Programing and Development

The best API protocol. REST vs gRPC

gRPCvsREST

The best API protocol. REST vs gRPC

gRPC, REST’s up-and-coming competitor, approaches synchronous communication from another angle, offering protocol buffers and typed contracts. What does that mean for your project?

 

In today’s technology landscape, most projects require the use of APIs. APIs bridge communication between services that may represent a single, complex system but may also reside on separate machines or use multiple, incompatible networks or languages.

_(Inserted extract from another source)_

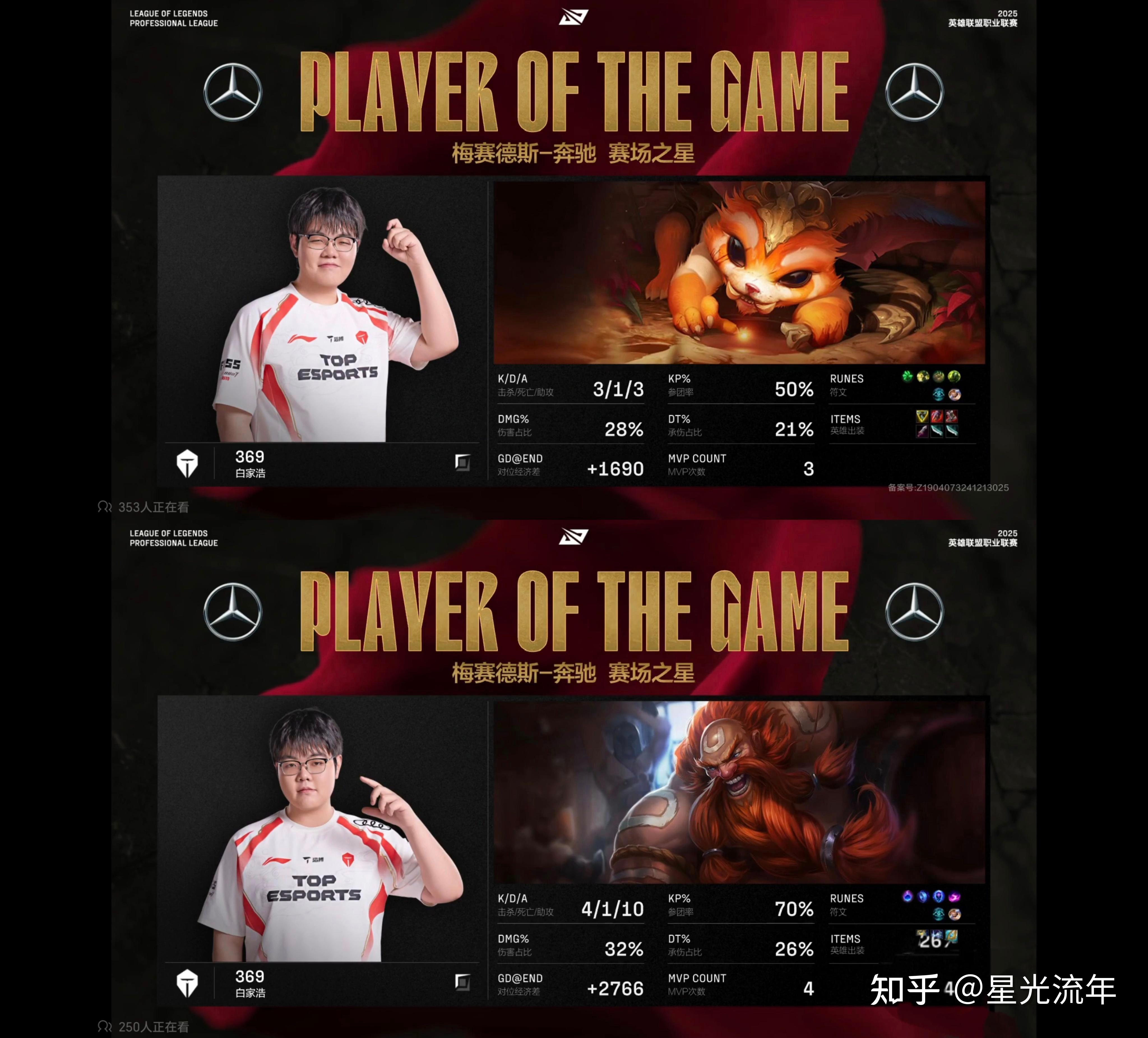 RNG鏖战EDG,Peanut线上压制力十足顶尖较量2025世界赛,成为赛场最大亮点的简单介绍 RNG鏖战EDG,Peanut线上压制力十足顶尖较量2025世界赛,成为赛场最大亮点的简单介绍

Many standard technologies address the interservice communication needs of distributed systems, such as REST, SOAP, GraphQL, or gRPC. While REST is a favored approach, gRPC is a worthy contender, offering high performance, typed contracts, and excellent tooling.

REST Overview

Representational state transfer (REST) is a means of retrieving or manipulating a service’s data. A REST API is generally built on the HTTP protocol, using a URI to select a resource and an HTTP verb (e.g., GET, PUT, POST) to select the desired operation. Request and response bodies contain data that is specific to the operation, while their headers provide metadata. To illustrate, let’s look at a simplified example of retrieving a product via a REST API.

Here, we request a product resource with an ID of 11 and direct the API to respond in JSON format:

GET /products/11 HTTP/1.1
Accept: application/json

Given this request, our response (irrelevant headers omitted) may look like:

HTTP/1.1 200 OK
Content-Type: application/json

{ id: 11, name: "Purple Bowtie", sku: "purbow", price: { amount: 100, currencyCode: "USD"  }  }

While JSON may be human-readable, it is not optimal when used between services. The repetitive nature of referencing property names—even when compressed—can lead to bloated messages. Let’s look at an alternative to address this concern.

gRPC Overview

gRPC Remote Procedure Call (gRPC) is an open-source, contract-based, cross-platform communication protocol that simplifies and manages interservice communication by exposing a set of functions to external clients.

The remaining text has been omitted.